Leurs figures, leurs corps fendillent. Dans les rides de l’expérience la naïveté s’approche et s’installe. Les roses s’assoient sur leurs genoux gris, et elles font contre eux leur naïve diatribe. Eux les admettent. Eux, dont jadis la grêle désastreuse éclaircit les forêts, et dont la durée est éternelle dans la stupeur et la résignation.
Ils rient de voir autour d’eux suscitées et condamnées tant de générations de fleurs, d’une carnation d’ailleurs quoi qu’on dise à peine plus vivante que la leur, et d’un rose aussi pâle et aussi fané que leur gris. Ils pensent (comme des statues sans se donner la peine de le dire) que ces teintes sont empruntées aux lueurs des cieux au soleil couchant, lueurs elles-mêmes par les cieux essayées tous les soirs en mémoire d’un incendie bien plus éclatant, lors de ce fameux cataclysme à l’occasion duquel projetés violemment dans les airs, ils connurent une heure de liberté magnifique terminée par ce formidable atterrement. Non loin de là, la mer aux genoux rocheux des géants spectateurs sur ses bords des efforts écumants de leurs femmes abattues, sans cesse arrache des blocs qu’elle garde, étreint, balance, dorlote, ressasse, malaxe, flatte et polit dans ses bras contre son corps ou abandonne dans un coin de sa bouche comme une draguée, puis ressort de sa bouche, et dépose sur un bord hospitalier en pente douce parmi un troupeau déjà nombreux à sa portée, en vue de l’y reprendre bientôt pour s’en occuper plus affectueusement, passionnément encore.
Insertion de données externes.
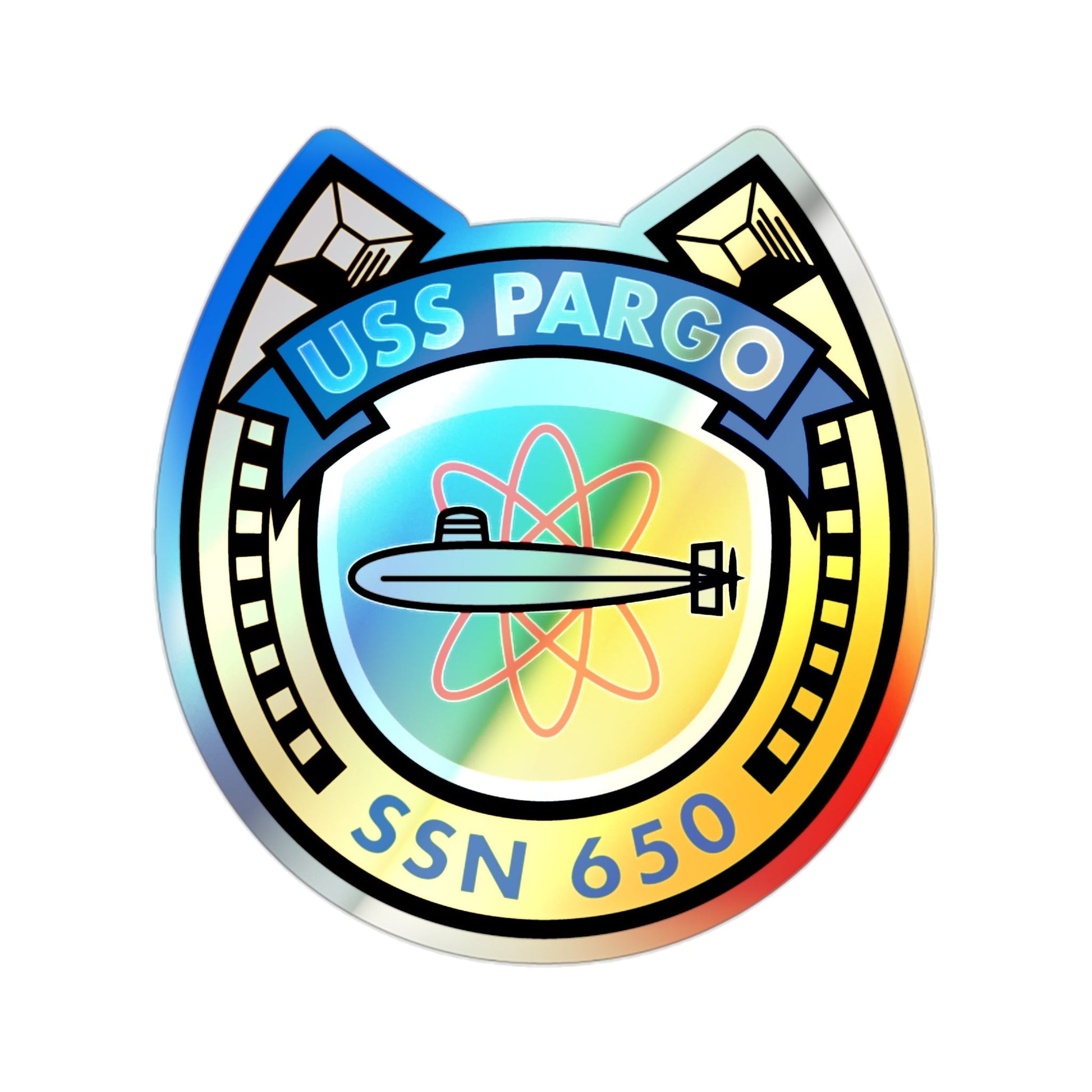 USS Pargo SSN 650 (U.S. Navy) Holographic STICKER Die-Cut Vinyl Decal-2 Inch-The Sticker Space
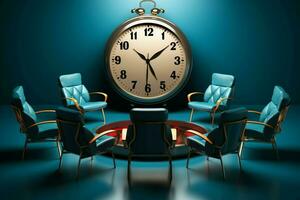 3D rendering Chairs accompanied by clock, in a thoughtfully crafted illustrative scene. AI Generated photo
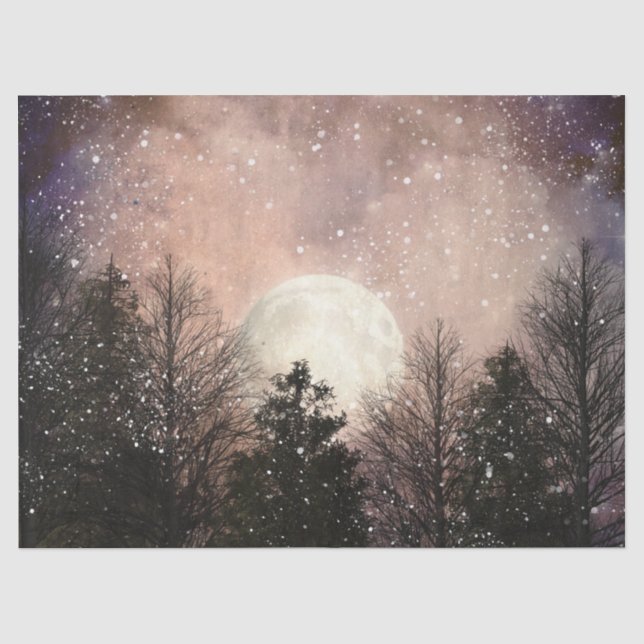 Vollmond Starry Night Forest Decoupage Seidenpapier (Vorderseite)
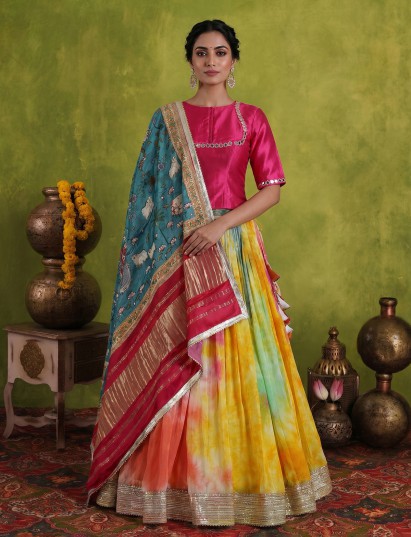 Multicolor silk lehenga choli for navratri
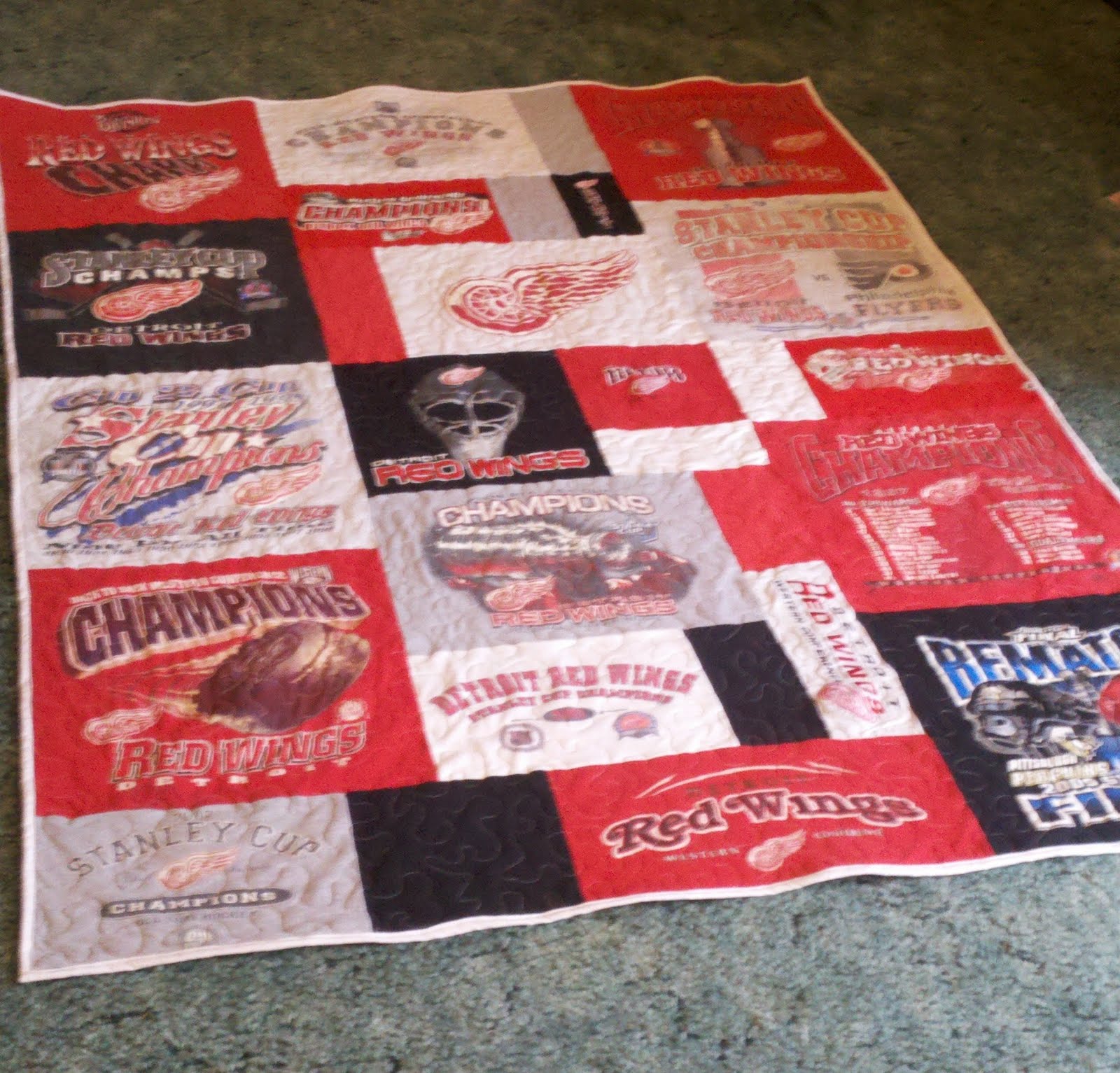 Ionia Quilt Works: Red Wings T-Shirt quilt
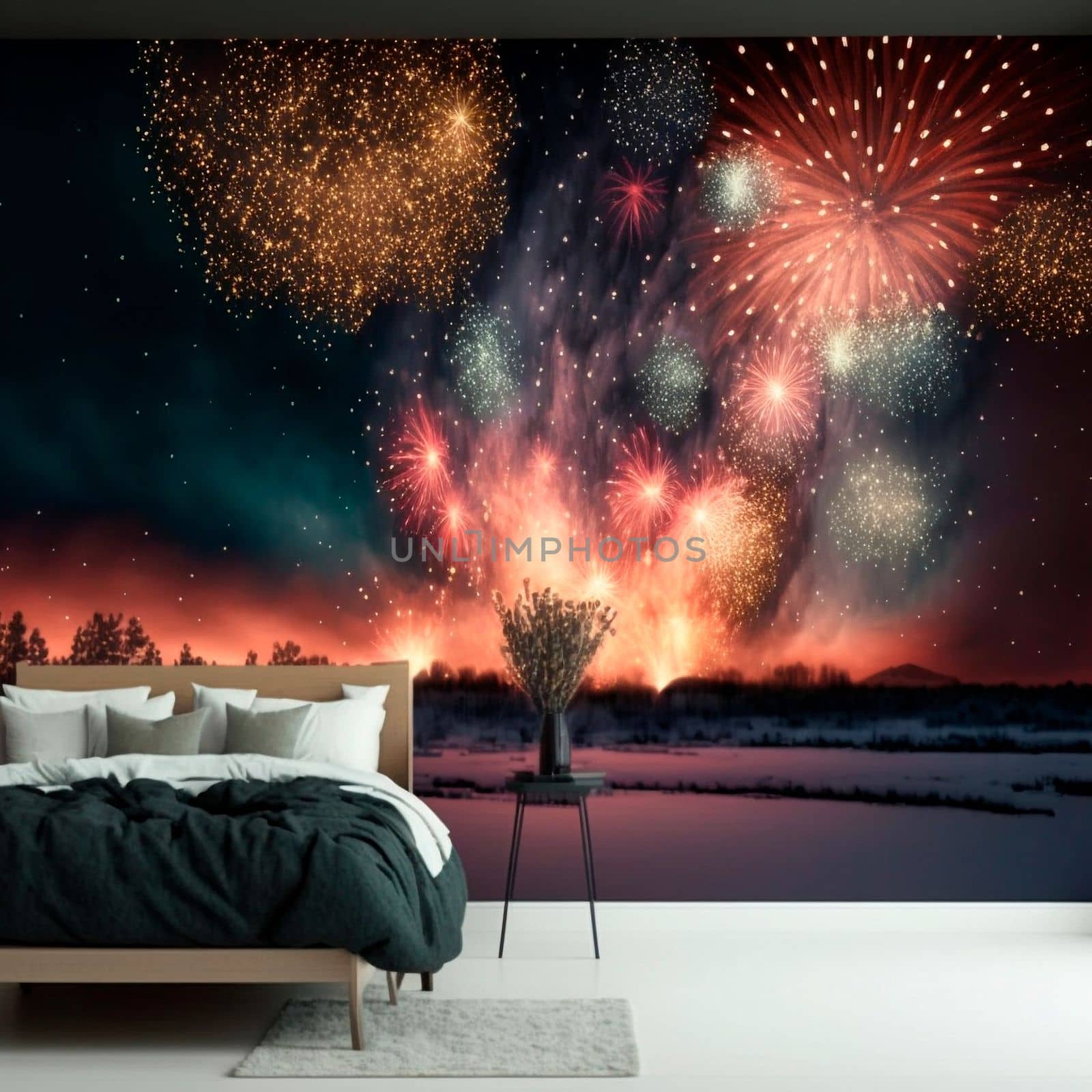 Bedroom with wallpaper depicting the night sky in fireworks. High quality illustration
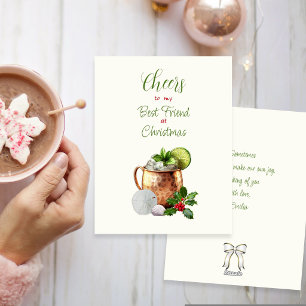 Cartes Pour Fêtes Annuelles Vœux de Noël Meilleure Amie Tasse en Cuivre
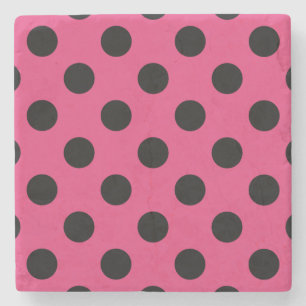 Schwarzpolka-Punkte auf Fuchsia Steinuntersetzer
Cependant le vent souffle, Il fait voler le sable. Et si l’une de ces particules, forme dernière et la plus infime de l’objet qui mous occupe, arrive à s’introduire réellement dans nos yeux, c’est ainsi que la pierre, par la façon d’éblouir qui lui est particulière, punit et termine notre contemplation.
La nature nous ferme ainsi les yeux quand le moment vient d’interroger vers l’intérieur de la mémoire si les renseignements qu’une longue contemplation y a accumulés ne l’auraient pas déjà fournie de quelques principes.
Véritable dialectique entre la légèreté et la pesanteur, cet extrait nous plonge dans une ambivalence aussi entre le présent et le passé…travail de la mer, le galet peut représenter cette quête de la perfection lorsque nous devons peaufiner un travail… Francis Ponge pose un regard multiple à travers cette description et nous amène au cœur de la beauté des mots…
Avez-vous déjà lu Le Parti pris des choses?
Bien à vous,
Madame lit
Très bel extrait. Ça c’est de la littérature! En tout cas Jean-Michel Delacomptée serait content (auteur de Lettre de consolation à un écrivain).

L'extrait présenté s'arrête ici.